Because coffee is cheaper and purchasing brewed coffee is usually more common than dining out, we used slightly different measures (3-5 visits to Chick-fil-A versus 6-9 visits to Starbucks) from the firm Experian Marketing Services. Experian uses index scores that compare numbers to an average – any figure over 100 means a behavior is more common than average, while any score under 100 means it is less common.
The Big Cities and Urban Suburbs score highest for Starbucks and below average for Chick-fil-A. Among Republican-leaning communities only the Exurbs score average on Starbucks, and still below the Big Cities and Urban Burbs, the Starbucks champs. And all the GOP-leaning communities score above average for Chick-fil-A.
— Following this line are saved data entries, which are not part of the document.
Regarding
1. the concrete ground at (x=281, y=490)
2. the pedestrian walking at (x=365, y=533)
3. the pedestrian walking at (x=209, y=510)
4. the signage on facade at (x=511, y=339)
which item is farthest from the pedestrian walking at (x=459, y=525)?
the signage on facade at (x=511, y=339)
Why does that matter? Because it helps show how deeply the red/blue divide cuts through the country. Increasingly Americans not only have different political beliefs, we really do live in different worlds. Niche marketing and self-sorting have created Republican and Democratic brands and stores and that makes it harder for us to relate to one another.
The American Communities Project believes the splits in the country are more complicated than simple red and blue. Socio-economics, education and local culture all play a role in how different places see and experience politics.
But increasingly our communities are also defined by consumer options and choices that define us and push us in with a like-minded crowd — waiting for our lattes or our waffle fries.